DIGITAL CLASH: Comms and Social: Have we won the War?

272900992_18af4400c3_oA few things have crossed my timeline of late that reminds me that comms and social for all their outward signs are struggling to fit.

Sure, there are still dinosaurs. But they’re dying out and have lost the battle so let’s not bother with them.

Ignorance is being replaced with the realisation that social media can’t be ignored by comms and PR people. Great.

But have we truly won the war? I’m not at all convinced we have.

There is a mindset that sees digital as a one way tick box exercise that exists only to generate likes or calls to action. In other words, it’s an extension of what traditional comms has always tried to be.

I absolutely get the need for comms teams to demonstrate worth. You sit down with the organisation, you listen to how you need to recruit 10 more carers to save £100k. Then you communicate to the right people at the right time in the right place. You record the new carers. Then you report back what you did.

I get that in spades.

I also get enthusiastically the idea that comms is not the size of the audience but what that audience has done as a result of what you’ve done.

I can also get the need to base comms on evidence and business cases to cut out the pointless vanity comms. You know the sort. The sort that needs this doing because we’ve always done it because the Director likes it.

I get that too.

I also get much of Rachel Moss’s post on not slavishly sticking to digital and doing traditional things too. If a poster works, use a poster. There is no earthly point, I’m guessing, for a LinkedIn group aimed at under fives.

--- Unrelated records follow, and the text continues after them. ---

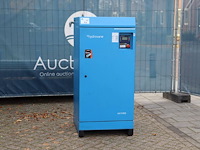 Compressor hydrovane hv11rs elektrisch - afbeelding 1 van  1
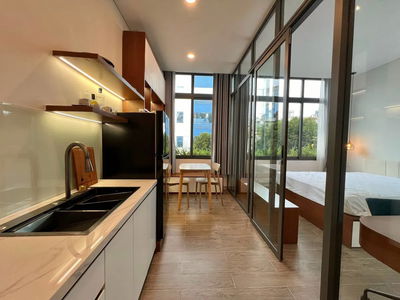 Housing in Ho Chi Minh City, Vietnam Housing in Ho Chi Minh City, Vietnam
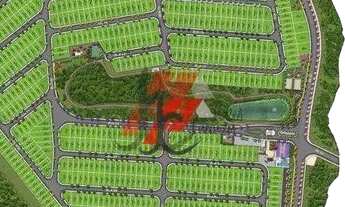 Imagem 2: Terreno à venda, 262 m² por R$ 378.588,50 - Distrito Industrial - Jundiaí/SP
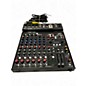 Used Peavey PV10BT Unpowered Mixer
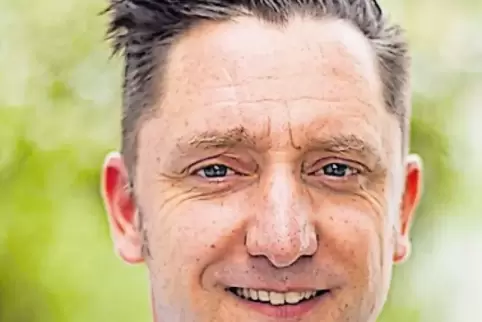 Christian Bauer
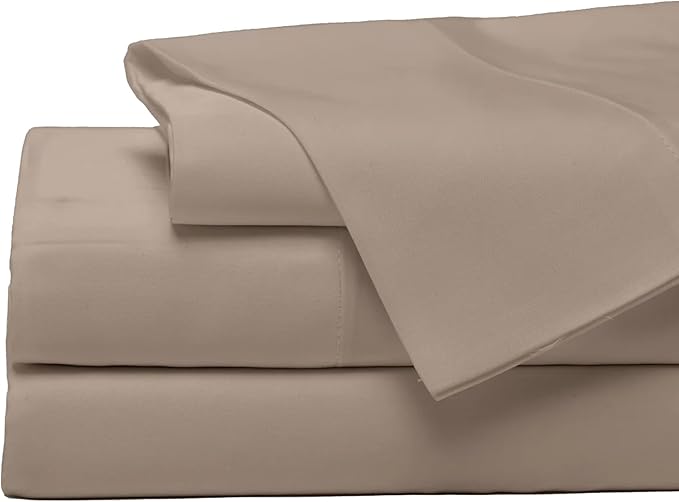 Cozy Earth Luxury Bed Sheet Set by CozyEarth
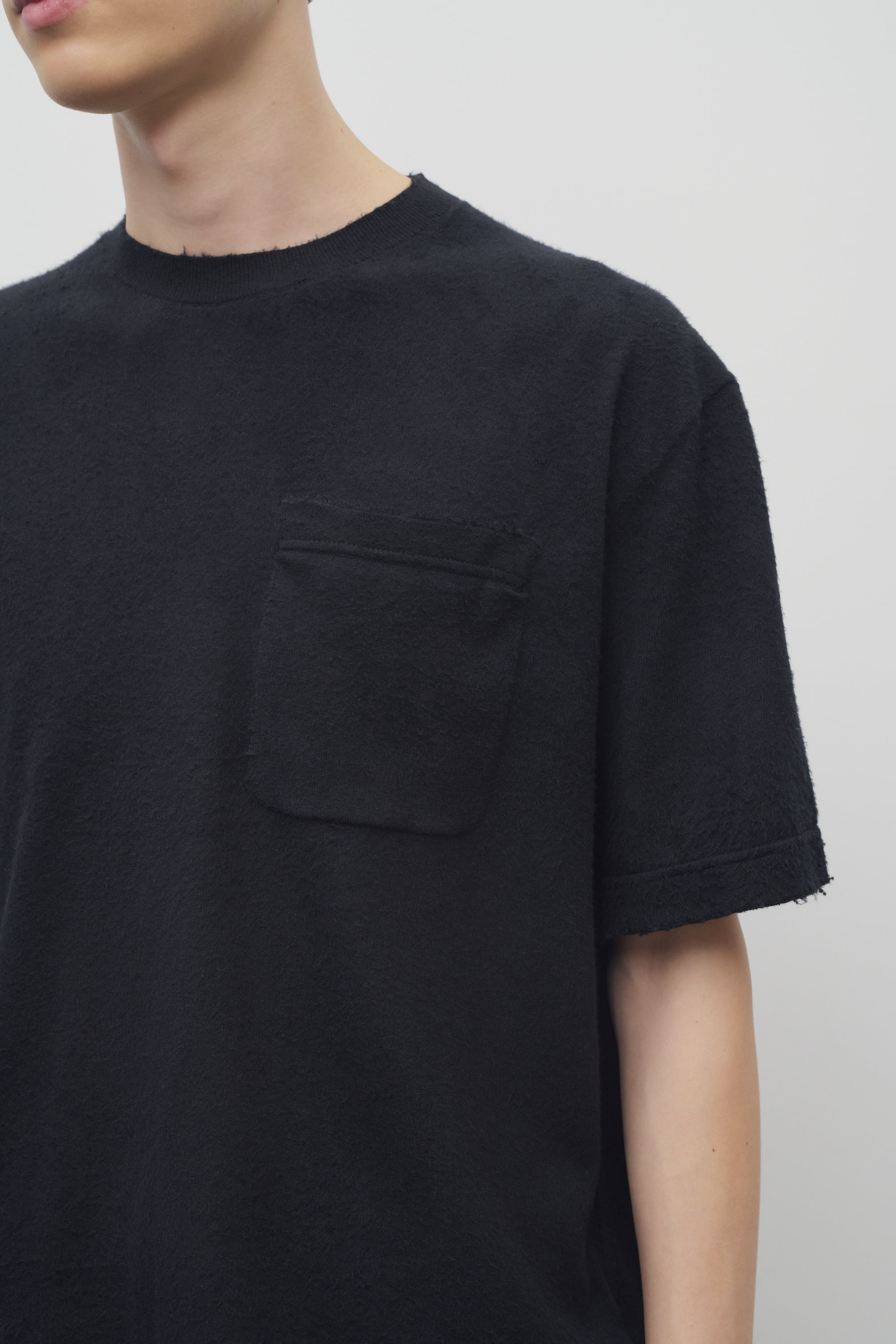 Paddy T-Shirt in Cotton - 6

I don’t think that comms people have fully realised what social is. It is not driven by likes, sign-ups and results. It is driven by conversation, sharing and stories. The return on investment comes as a spin-off and is all the more powerful for that.

Think of it in postal terms. It’s the difference between junk mail asking you to buy, buy, buy and the handwritten postcard addressed to you on your door mat.

I think of the police officer I spoke to early in my career who was one of the first to embrace Twitter. A senior officer he had a face that looked as though it had been in a few scraps in its time. I would not argue with that face if he asked me to move my car.

He used Twitter, the policeman told me, in exactly the same way as he would use conversation as if he walked down a parade of shops on his beat. He’d say good morning. He’d pass the time of day. He’d share a joke. He’d then ask someone once the ice was broken to remember to shut their windows when they went out in warm weather. Simple. And human.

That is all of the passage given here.